Here is the re-written query that uses Linked Server \ Open Query


        declare @logdateDestMax datetime
        declare @logdateDestMaxDefault datetime

        set @logdateDestMaxDefault = '1/1/1900'

        set @logdateDestMax = ( 
                                 select max(createDate) 
                                 from dbo.employee 
                              )

        if ( @logdateDestMax is null)
        begin
              set @logdateDestMax = @logdateDestMaxDefault
        end
	insert into dbo.employee	
        (
	   [username]
	  ,[createDate]
	  ,[createdBy]
	)
	select 
	   [username]
	  ,[createDate]
	  ,[createdBy]
        from openquery(
                           [DBLABJ_NC_10_ODBC]
                         , 'select * from [dbHR].dbo.employee'
                      ) tblSrc
	where [logdate] > @logdateDestMax

OpenQuery – Poor Auditioning

The example above is a very poor staging of the beenfits of openquery.

Usually, we want a query that can be completely serviceable at the Other Server. The query above still brings all the data over to the querying server.

Once all the data is brought over, the resident SQL instance then issues a comparison.

There are things we can do to better ‘position’ the linked Server.  Our alternate choices includes:

  • Creating a Stored Procedure on the Linked Server.  The SP will  accept parameters that will help ‘our case’
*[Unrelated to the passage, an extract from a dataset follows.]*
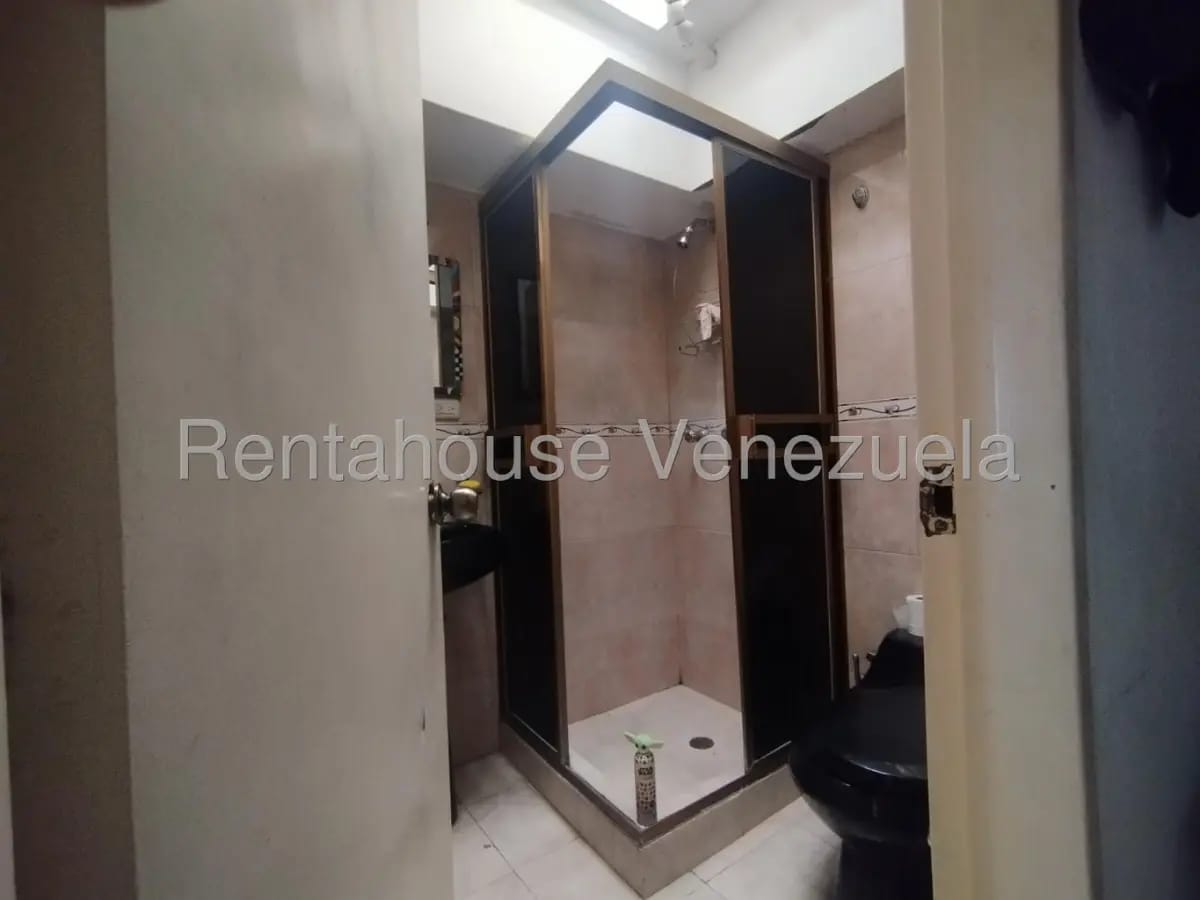 Excelente y Amplio Apartamento (PH) en Venta Los Chaguaramos, Caracas - 16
Compare 4 part name and OpenQuery

Compare Execution Plans

Here is a quick comparison of both plans.

ExecutionPlan

One can quickly see that the plan that uses the 4 part name is 53%, while the one that uses openquery is at 36%.

Compare IO Stats

With “set statistics io on”, we can see that IO stats for the first query:

Table 'employee'. Scan count 1, logical reads 1369, physical reads 0, read-ahead 
reads 0, lob logical reads 0, lob physical reads 0, lob read-ahead reads 0.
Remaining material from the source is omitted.